# WORK TASK
Your answer must be an exact copy of the records below, minus any images.

# DATA TO EXAMINE
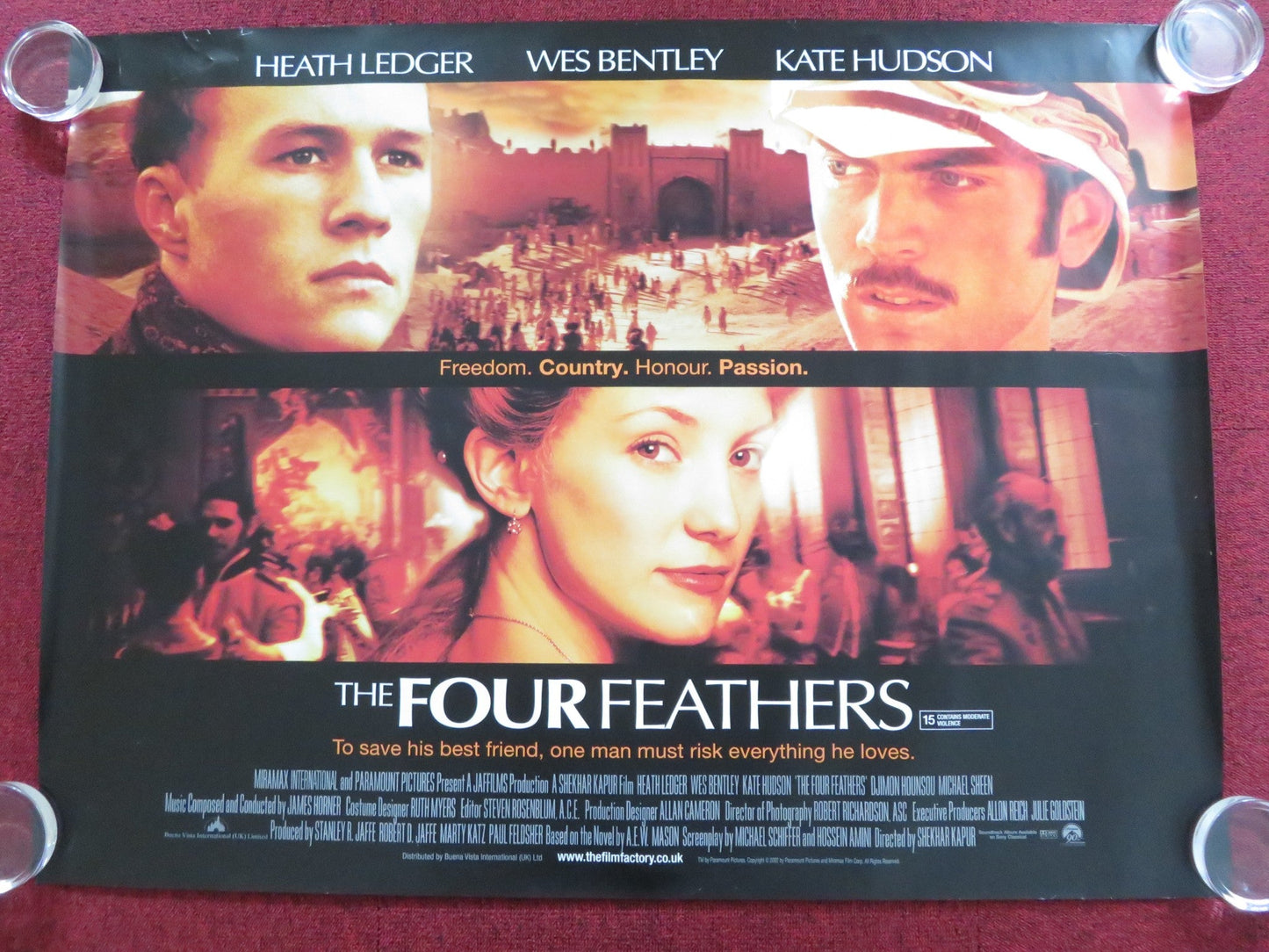 THE FOUR FEATHERS UK QUAD (30"x 40") ROLLED POSTER HEATH LEDGER WES BENTLEY 2002 Rendezvous Cinema Movie posters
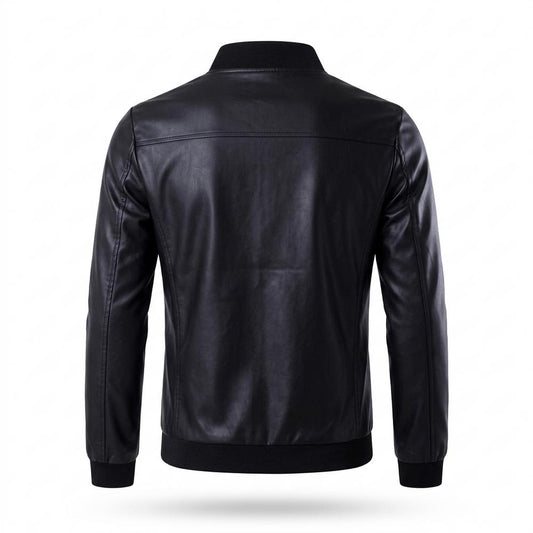 Lederjacken Outlet24 - Zesev | Glatte Gefütterte Lederjacke Herren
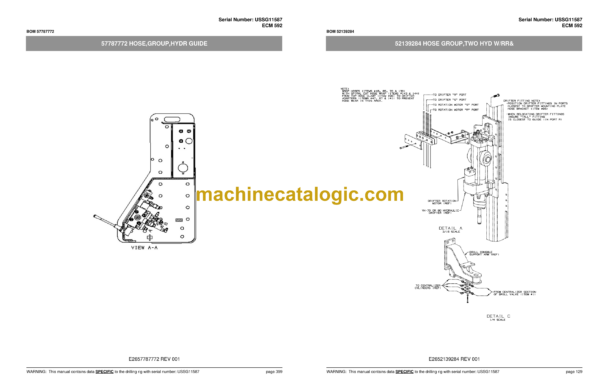 Atlas Copco ECM 592 Hydraulic Crawler Drill Parts Catalog - Image 4
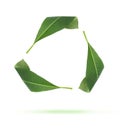 Green Recycle Leaves icons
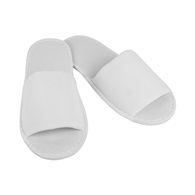 Hotelové pantofle STANDARD bílé, otevřené, 28 cm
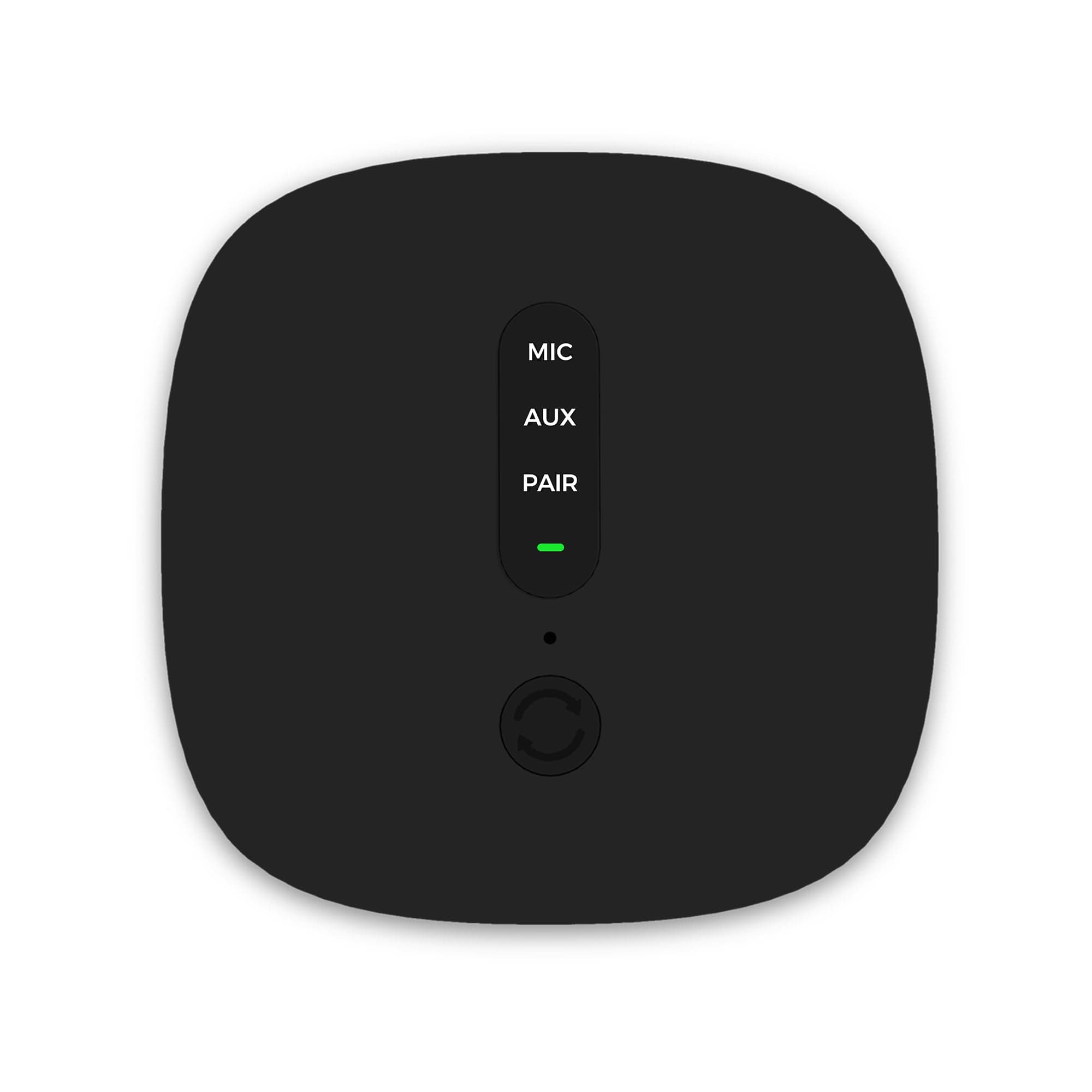 LINNERConnect Transmitter Rechargeable TV & Wireless Mic Mode for immersive Hearing Experience Range to 66 feet for Distant Sound Pickup, 40ms Low Latency, ensuring Seamless Communication Black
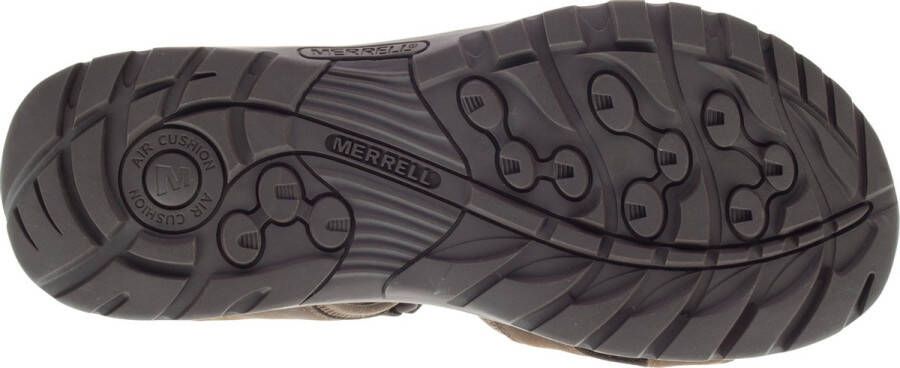 Merrell Sandalen Mannen donker bruin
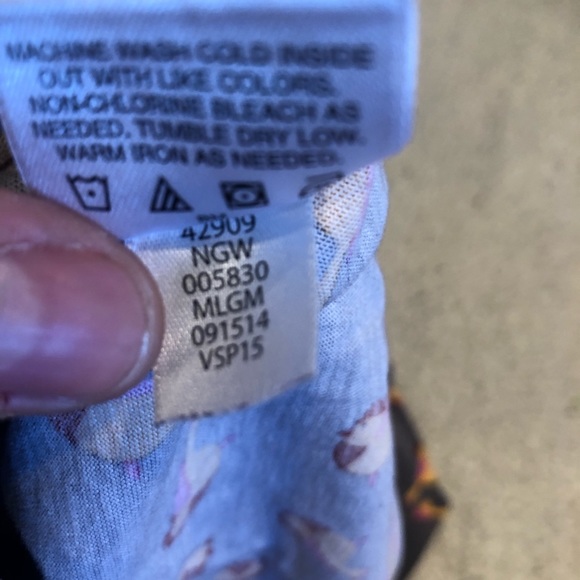 Hanna Andersson Novelty Print Bird Skirt Grey - Picture 5 of 7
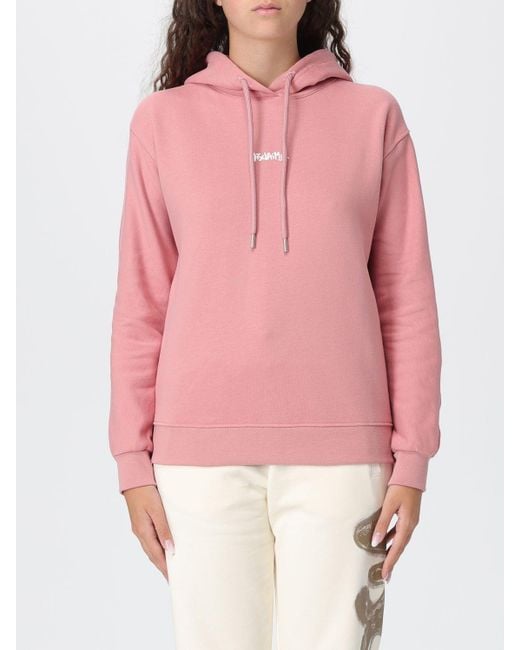 DISCLAIMER Pink Sweatshirt Damen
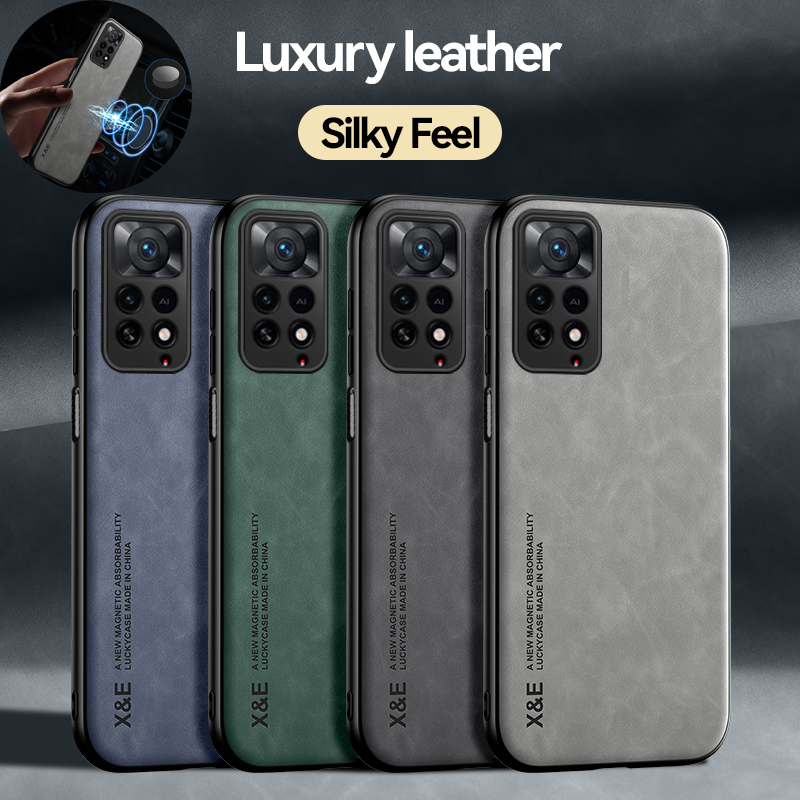Luxury Retro Leather Case For Xiaomi Redmi Note 11 Pro 11S 10S 10 11T Pro 9 9s K50 K40 K30 10C Soft Silicone Frame Phone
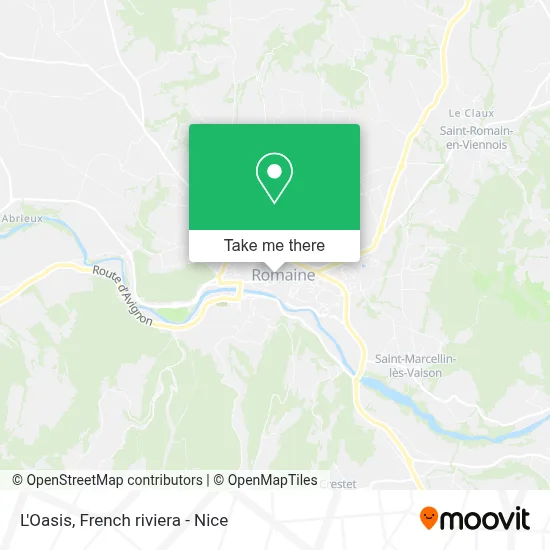 L'Oasis map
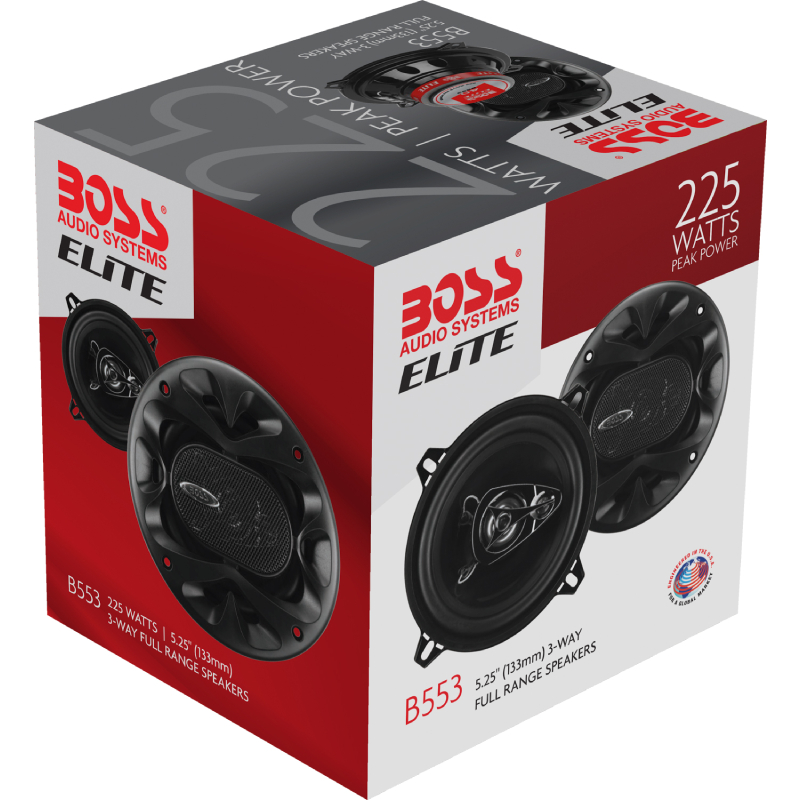 Boss Elite B553 Full Range Car Speakers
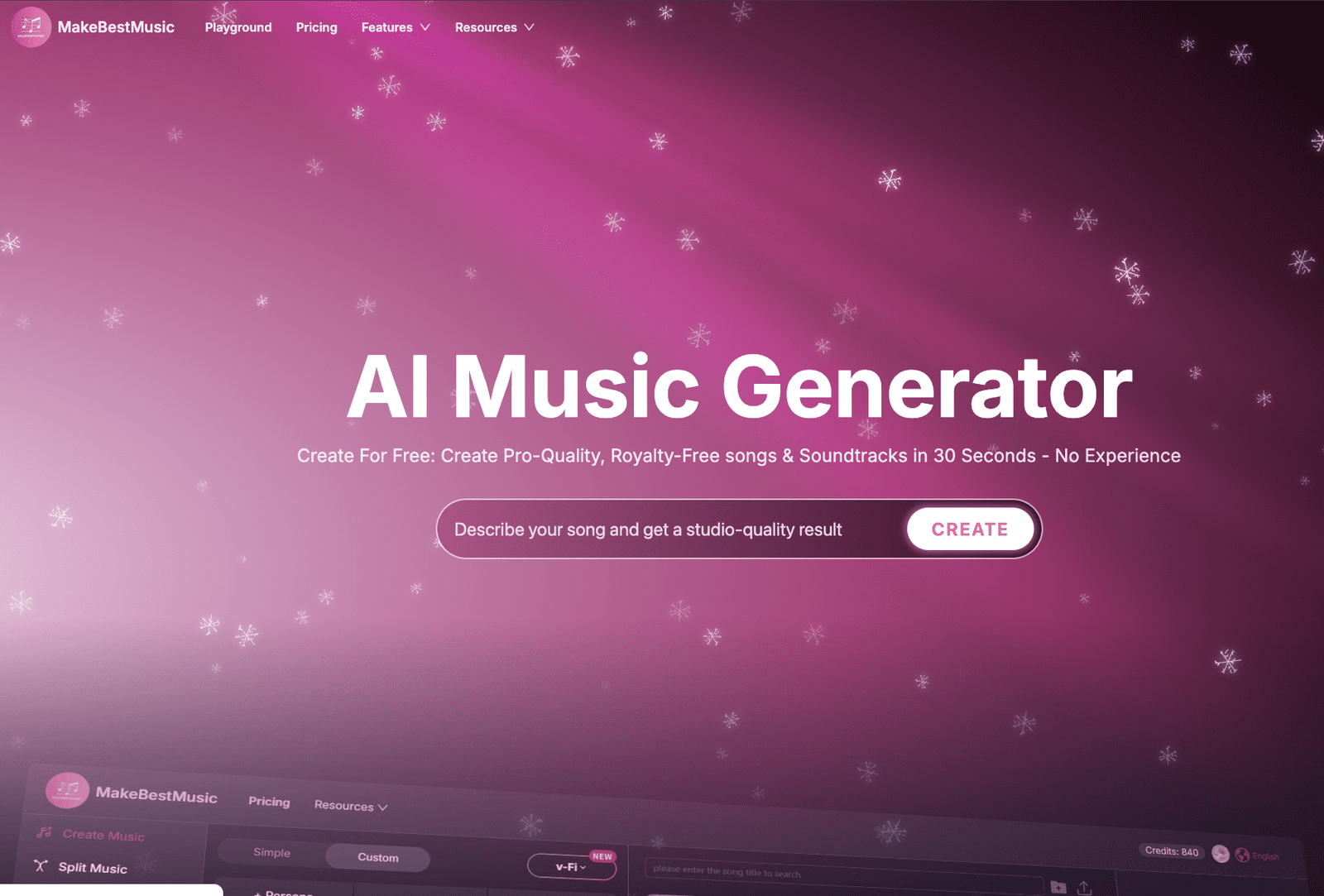 واجهة makebestmusic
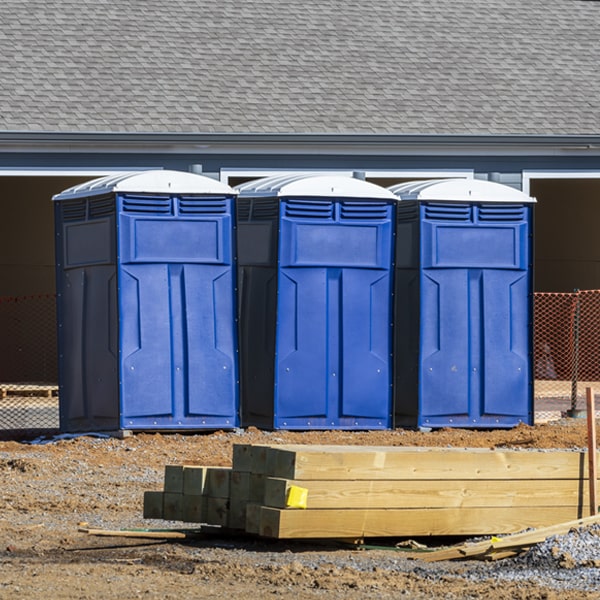 what is the expected delivery and pickup timeframe for the portable restrooms in Mora NM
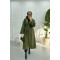 Arm Belted Cashmere Coat Khaki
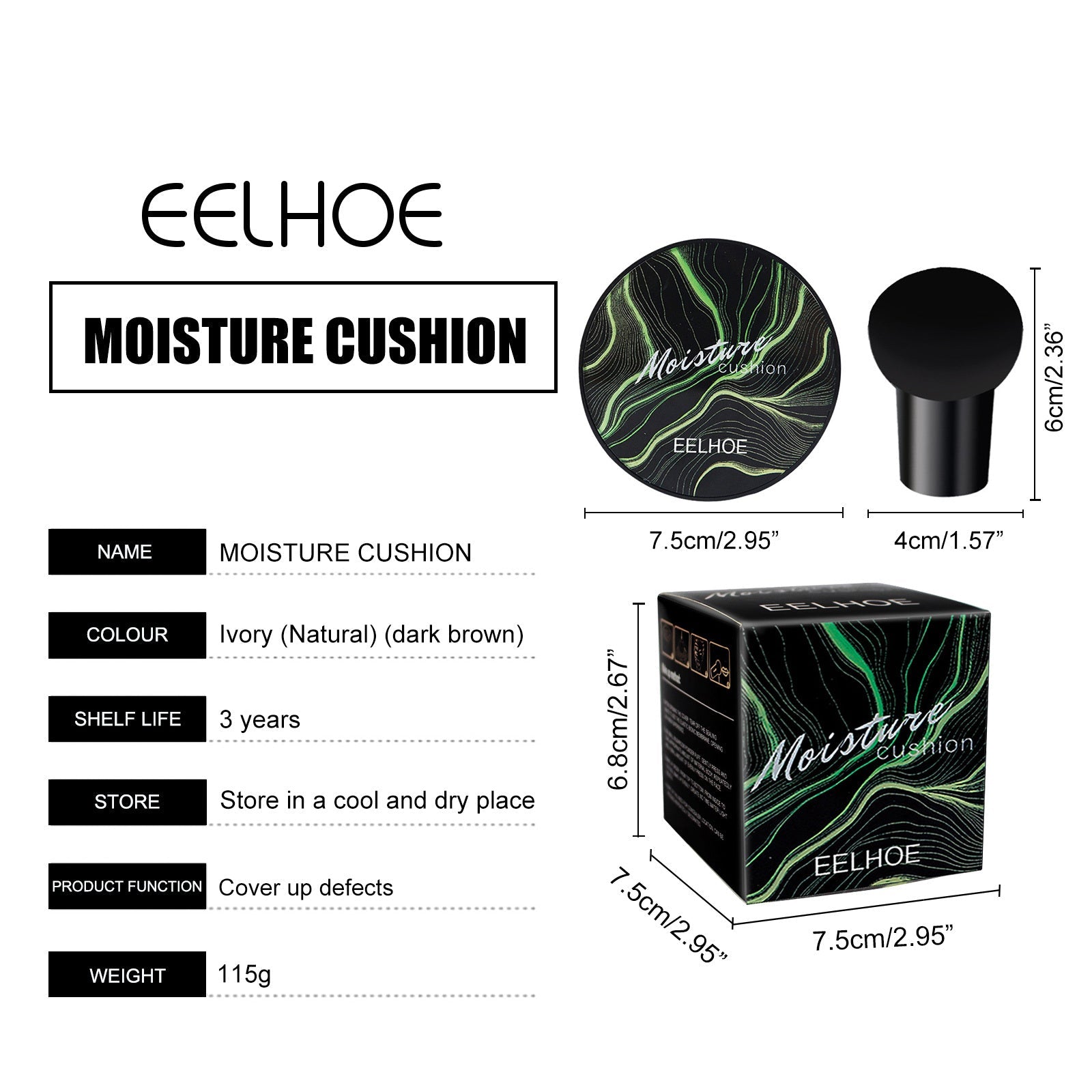 Mushroom Head Air Cushion Natural BB Cream Covers Facial Blemishes And Brightens Natural Nude Makeup Foundation Cream My Store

# RESPONSE BELOW
 THE FOUR FEATHERS UK QUAD (30"x 40") ROLLED POSTER HEATH LEDGER WES BENTLEY 2002 Rendezvous Cinema Movie posters
 Lederjacken Outlet24 - Zesev | Glatte Gefütterte Lederjacke Herren
 Atlas Copco ECM 592 Hydraulic Crawler Drill Parts Catalog - Image 4
 Green Recycle Leaves icons
 Hotelové pantofle STANDARD bílé, otevřené, 28 cm
 LINNERConnect Transmitter Rechargeable TV & Wireless Mic Mode for immersive Hearing Experience Range to 66 feet for Distant Sound Pickup, 40ms Low Latency, ensuring Seamless Communication Black
 Merrell Sandalen Mannen donker bruin
 Hanna Andersson Novelty Print Bird Skirt Grey - Picture 5 of 7
 DISCLAIMER Pink Sweatshirt Damen
Luxury Retro Leather Case For Xiaomi Redmi Note 11 Pro 11S 10S 10 11T Pro 9 9s K50 K40 K30 10C Soft Silicone Frame Phone
 L'Oasis map
 Boss Elite B553 Full Range Car Speakers
 واجهة makebestmusic
 what is the expected delivery and pickup timeframe for the portable restrooms in Mora NM
 Arm Belted Cashmere Coat Khaki
 Mushroom Head Air Cushion Natural BB Cream Covers Facial Blemishes And Brightens Natural Nude Makeup Foundation Cream My Store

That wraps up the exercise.